* _Task to complete_: Repeat the data exactly as given below, dropping every picture.

Records provided START

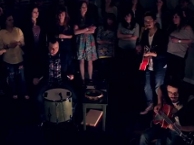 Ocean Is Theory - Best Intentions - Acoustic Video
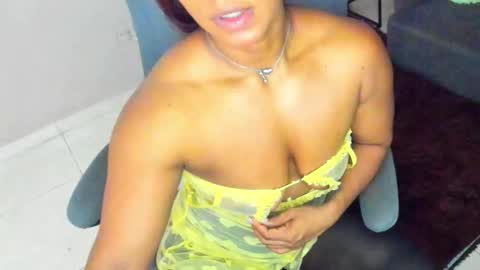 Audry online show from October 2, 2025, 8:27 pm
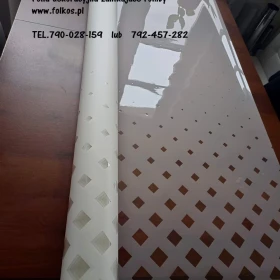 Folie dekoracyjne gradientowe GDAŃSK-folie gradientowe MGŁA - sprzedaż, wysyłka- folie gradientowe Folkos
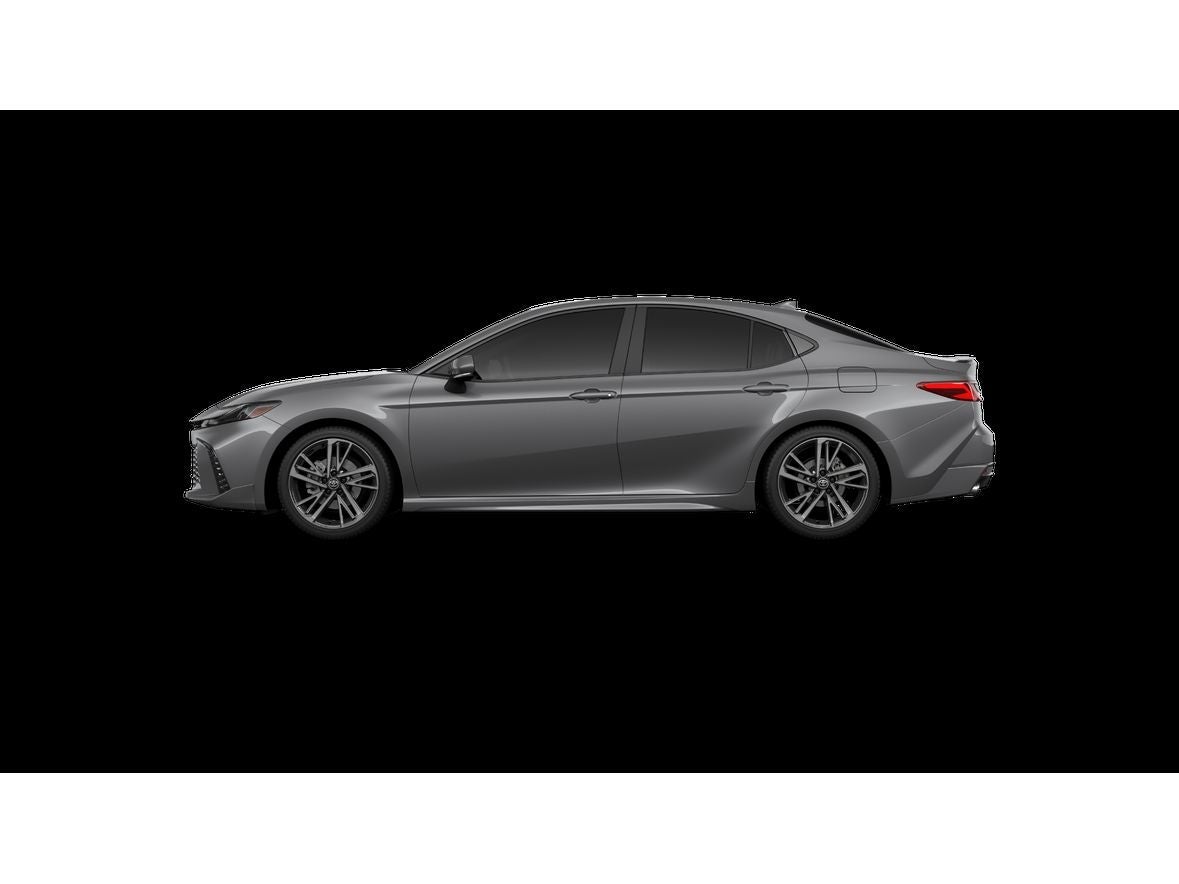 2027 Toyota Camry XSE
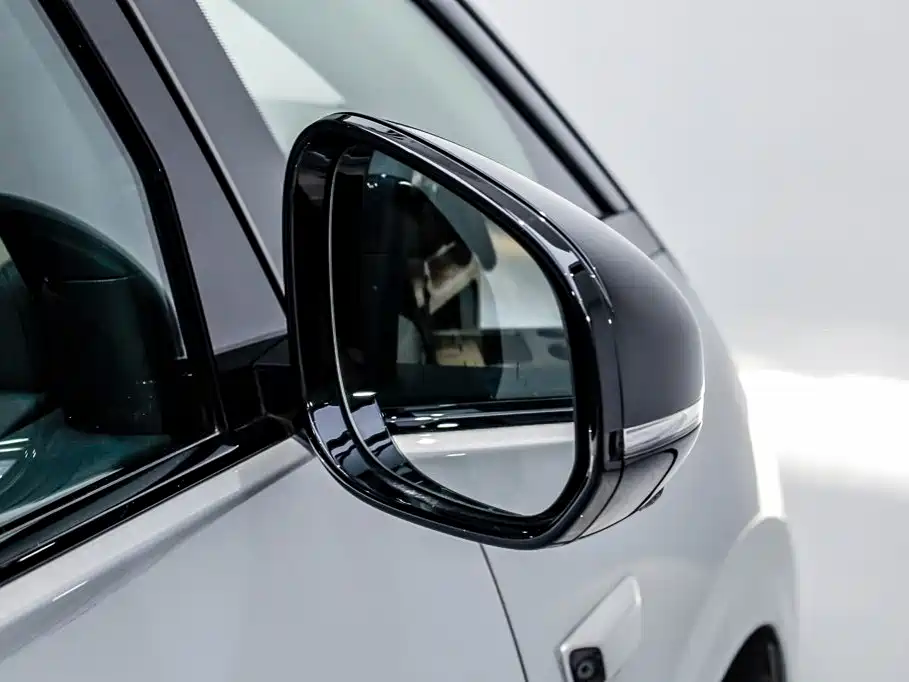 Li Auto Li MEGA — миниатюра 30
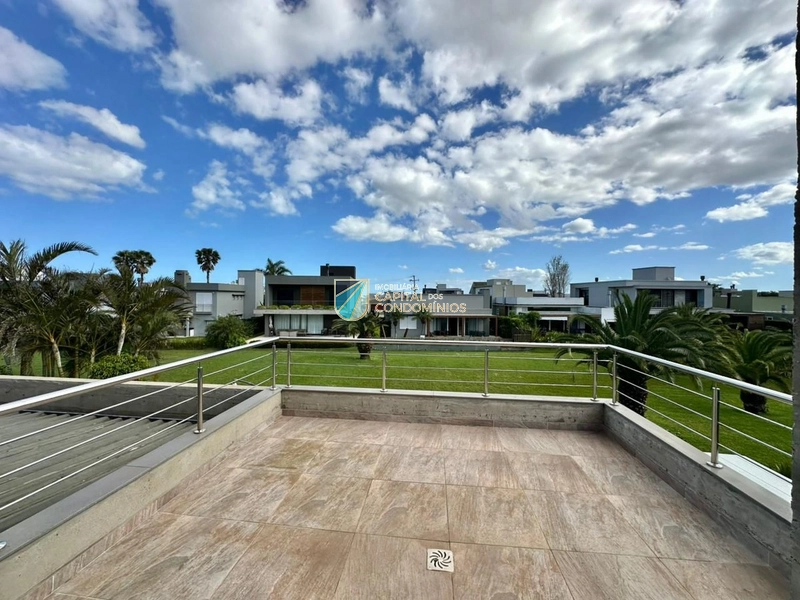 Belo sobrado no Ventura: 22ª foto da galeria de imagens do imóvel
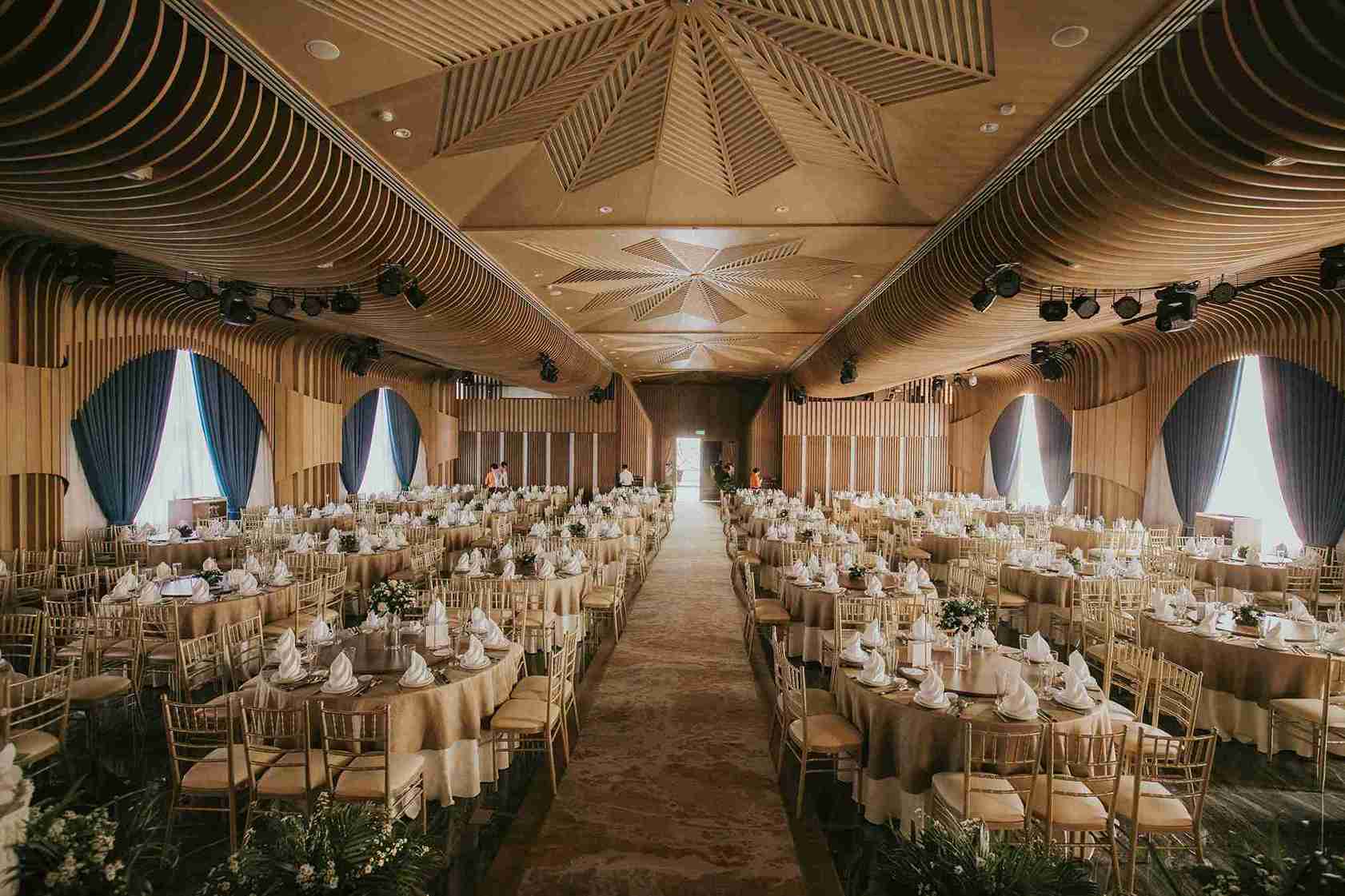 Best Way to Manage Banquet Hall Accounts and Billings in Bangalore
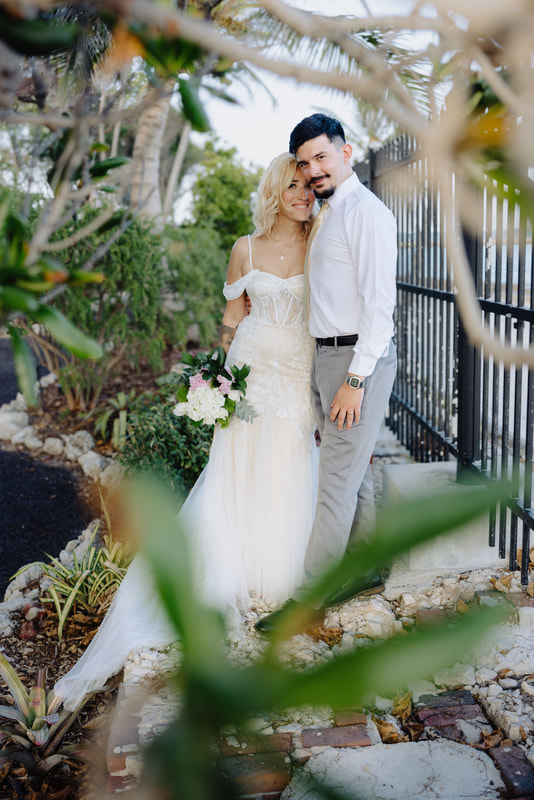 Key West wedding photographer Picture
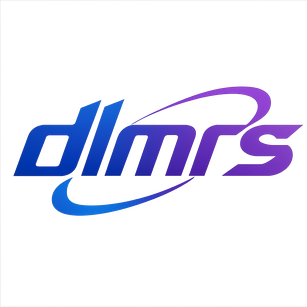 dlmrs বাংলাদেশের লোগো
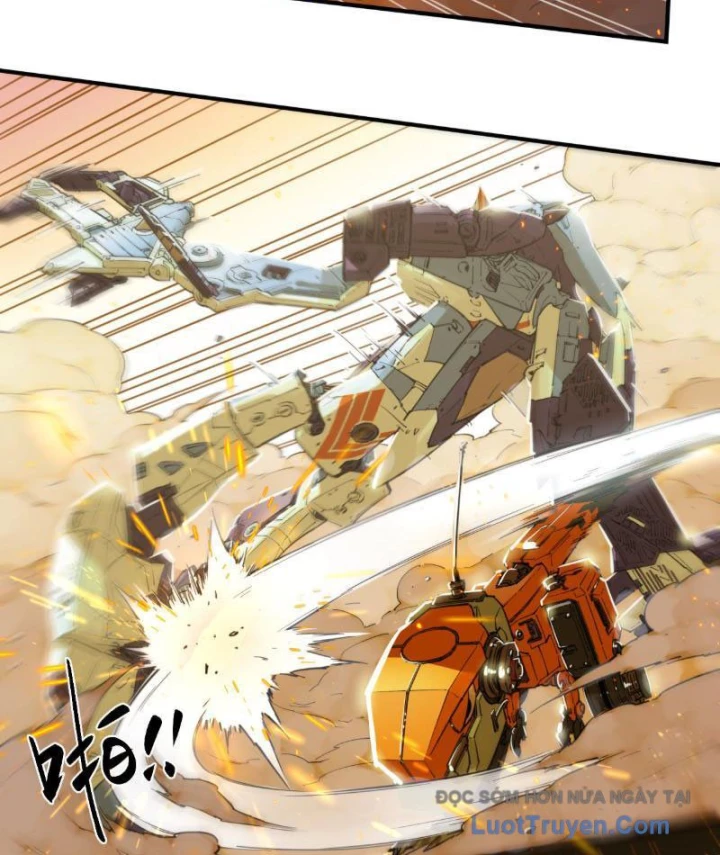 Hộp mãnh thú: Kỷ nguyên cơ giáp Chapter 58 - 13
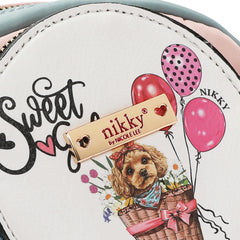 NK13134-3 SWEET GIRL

Records provided END

* _Task solution_:
 Ocean Is Theory - Best Intentions - Acoustic Video
 Audry online show from October 2, 2025, 8:27 pm
 Folie dekoracyjne gradientowe GDAŃSK-folie gradientowe MGŁA - sprzedaż, wysyłka- folie gradientowe Folkos
 2027 Toyota Camry XSE
 Li Auto Li MEGA — миниатюра 30
 Belo sobrado no Ventura: 22ª foto da galeria de imagens do imóvel
 Best Way to Manage Banquet Hall Accounts and Billings in Bangalore
 Key West wedding photographer Picture
 dlmrs বাংলাদেশের লোগো
 Hộp mãnh thú: Kỷ nguyên cơ giáp Chapter 58 - 13
 NK13134-3 SWEET GIRL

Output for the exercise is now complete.